You are viewing a plain text version of this content. The canonical link for it is here.
Posted to common-issues@hadoop.apache.org by "Chris Nauroth (JIRA)" <ji...@apache.org> on 2016/03/01 21:20:18 UTC

[jira] [Commented] (HADOOP-12747) support wildcard in libjars argument

    [ https://issues.apache.org/jira/browse/HADOOP-12747?page=com.atlassian.jira.plugin.system.issuetabpanels:comment-tabpanel&focusedCommentId=15174355#comment-15174355 ] 

Chris Nauroth commented on HADOOP-12747:
----------------------------------------

bq.

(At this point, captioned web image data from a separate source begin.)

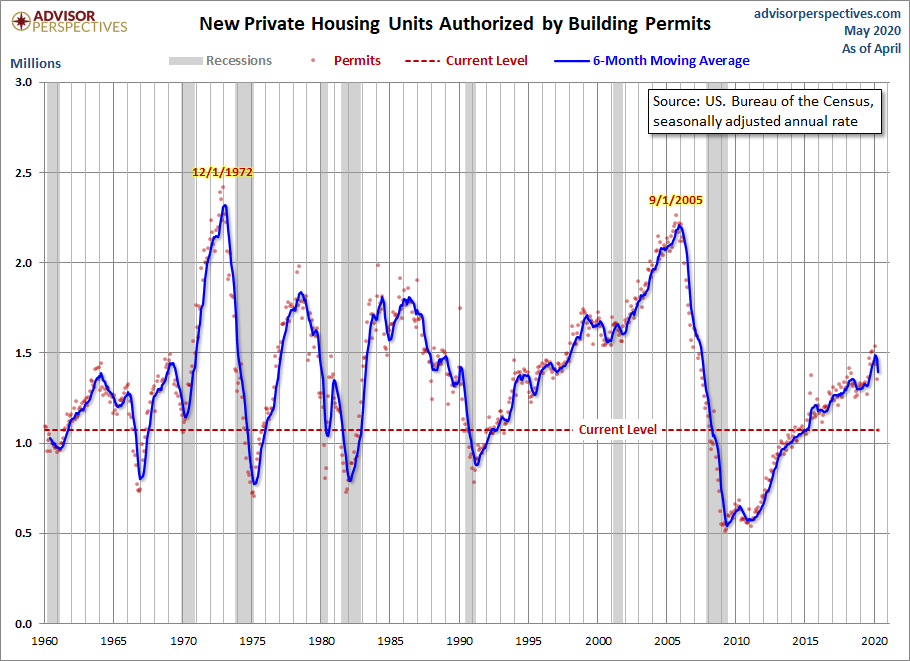 Housing Permits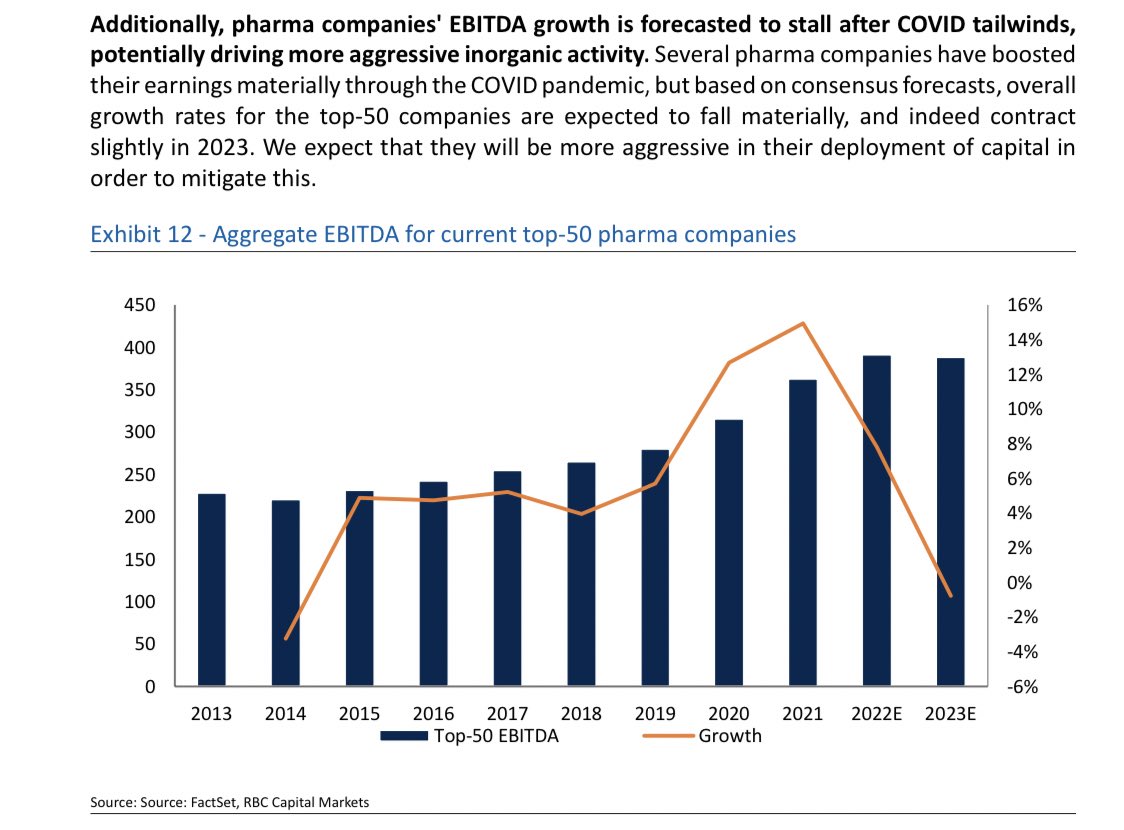 inflectionecon's tweet photo. What will the pharma do with all of that cash and how will it reverse that ebitda growth cliff? Stay tuned and find out $xbi. https://t.co/LPAJFguaHG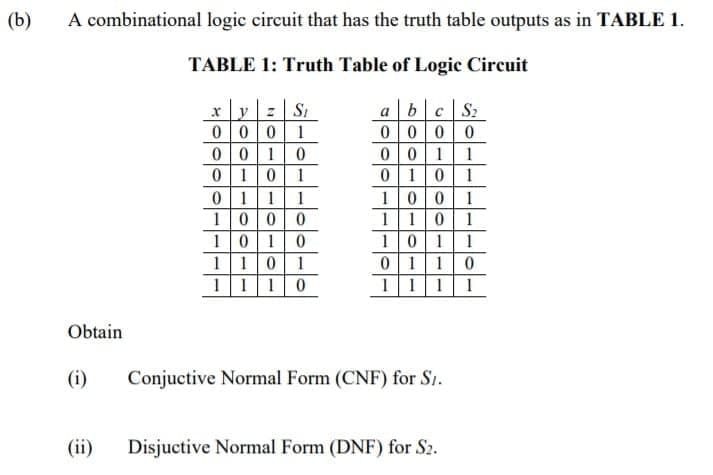 (b)
A combinational logic circuit that has the truth table outputs as in TABLE 1.
TABLE 1: Truth Table of Logic Circuit
x y = | S1
0001
0010
0 101
0 111
1000
101
1 10 1
1110
abcS
0000
0011
0101
1001
|1101
101 1
0 110
1111
Obtain
(i)
Conjuctive Normal Form (CNF) for S1.
(ii)
Disjuctive Normal Form (DNF) for S2.
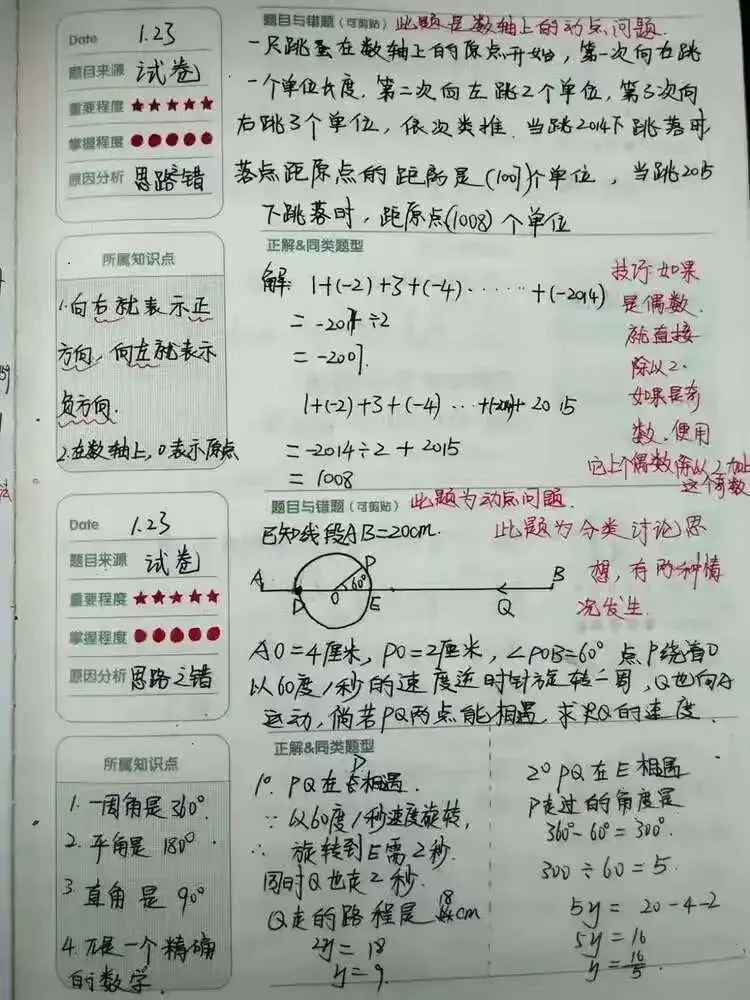 倒计时冲刺@初三毕业生-第35张图片-四季读书网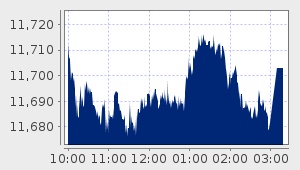 market performance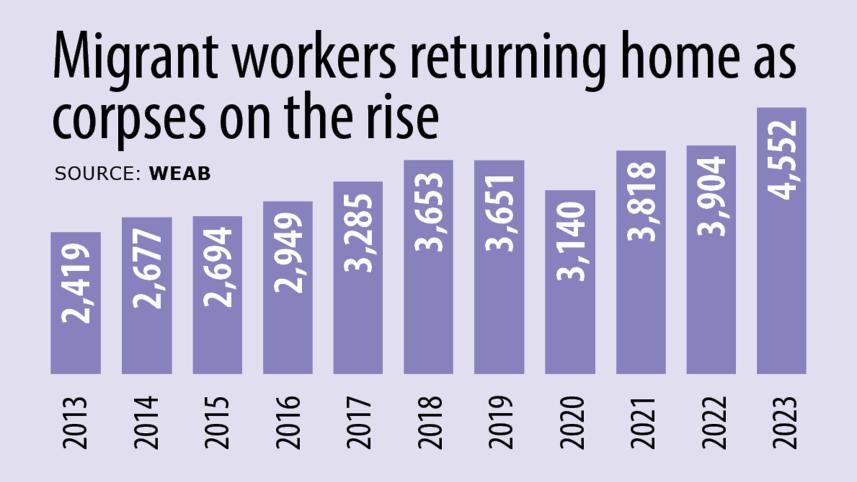 Migrant workers returning home as corpses on the rise
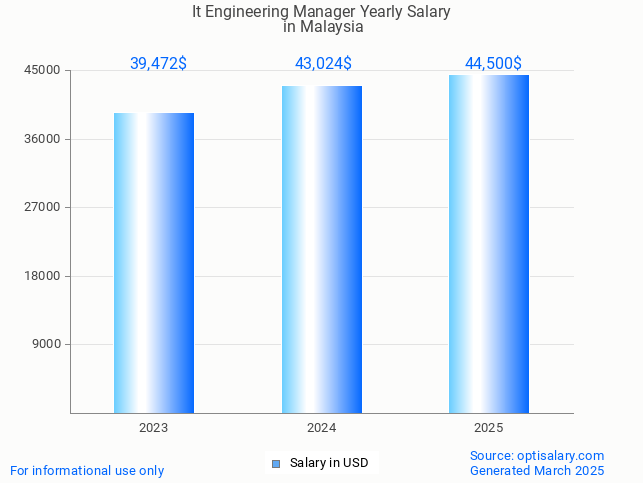 it engineering manager salary in malaysia 2025 it engineering manager salary in malaysia 2025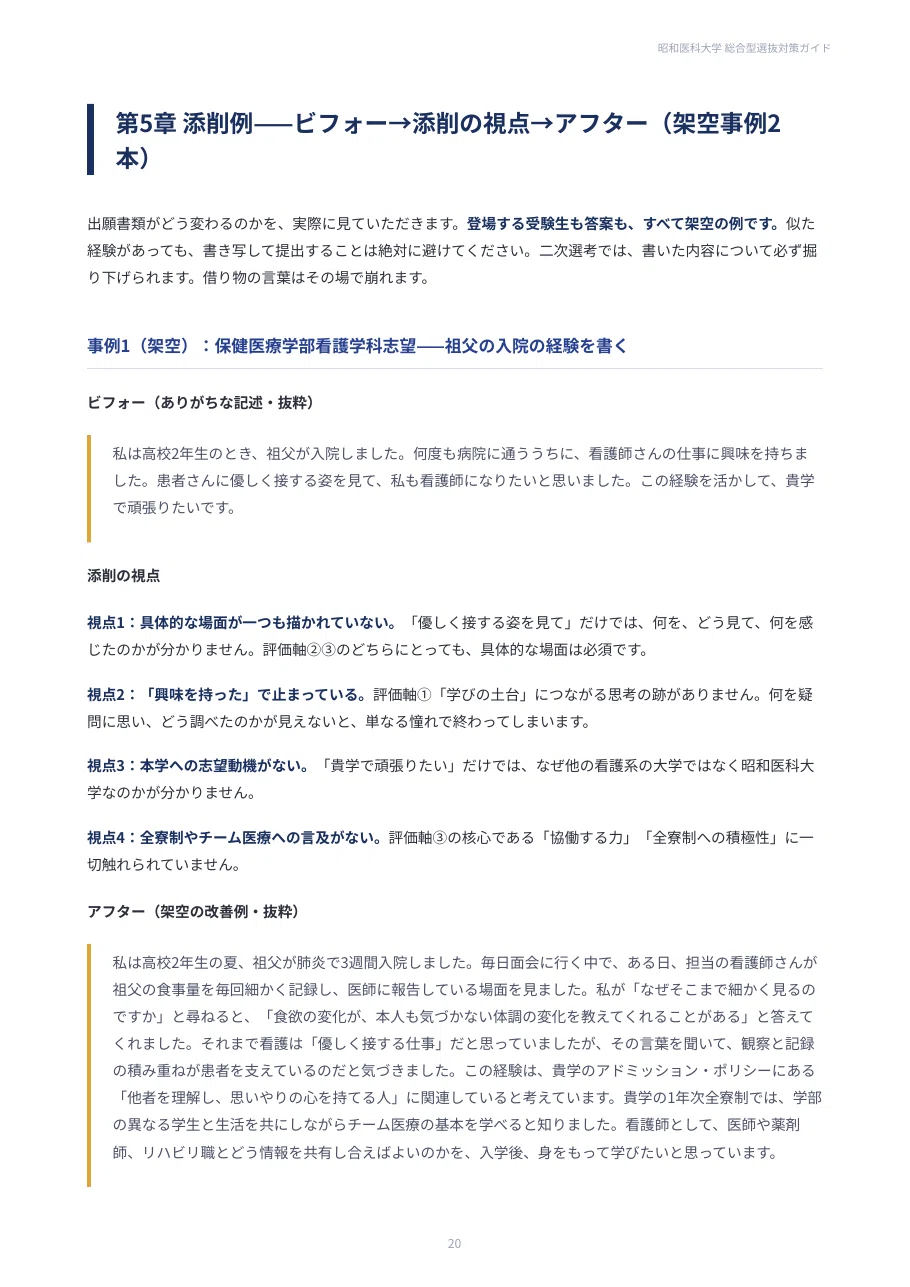 昭和医科大学】総合型選抜 対策ガイド 全36ページ｜志願理由書・入学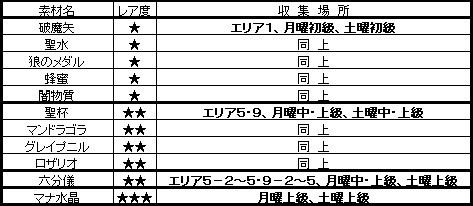 オセロニア攻略 進化素材の入手 収集場所一覧 逆転オセロニアの攻略ブログ 無課金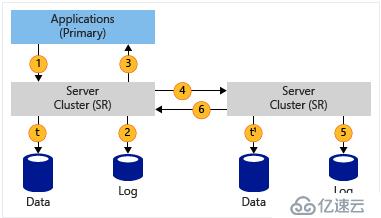 Windows Server 2016存储复制浅谈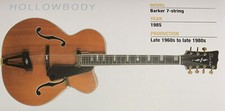 1985 Baker 7-String Hollow Body Guitar Fridge Magnet 5.25"x2.75" NEW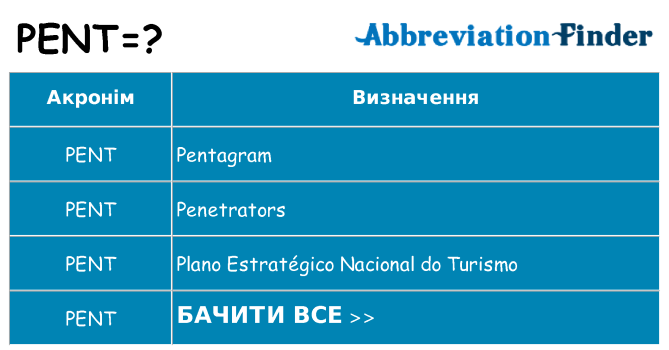 Що pent означають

You mentioned earlier that libjars don't support non-local paths, but strictly speaking HADOOP-7112 addresses only the aspect of adding libjars back to the client classpath.

That's very interesting.  I missed the point that non-local jars are skipped only for adding to the client's own classpath.  {{JobResourceUploader}} separately parses libjars and does not do the same filtering.  Certainly since non-local libjars for the task is already supported, we'd have to maintain that behavior for reasons of backwards compatibility.

I find the lack of consistency quite confusing.  It's unclear to me how much of this behavior is by design and how much is accidental.  I assume the filtering away from the client's classpath was done to avoid the complexity of needing to run some kind of "mini-localization" on the client side to support non-local files.

Regarding the proposed options, I have a question on this con for option 2:

bq. con: need to re-interpret or deprecate (minor) behavior, such as adding libjar entries to the client classpath and allowing directories as a set of classfiles

This sounds backwards-incompatible, right?  If so, then that would tip my opinion towards option 1.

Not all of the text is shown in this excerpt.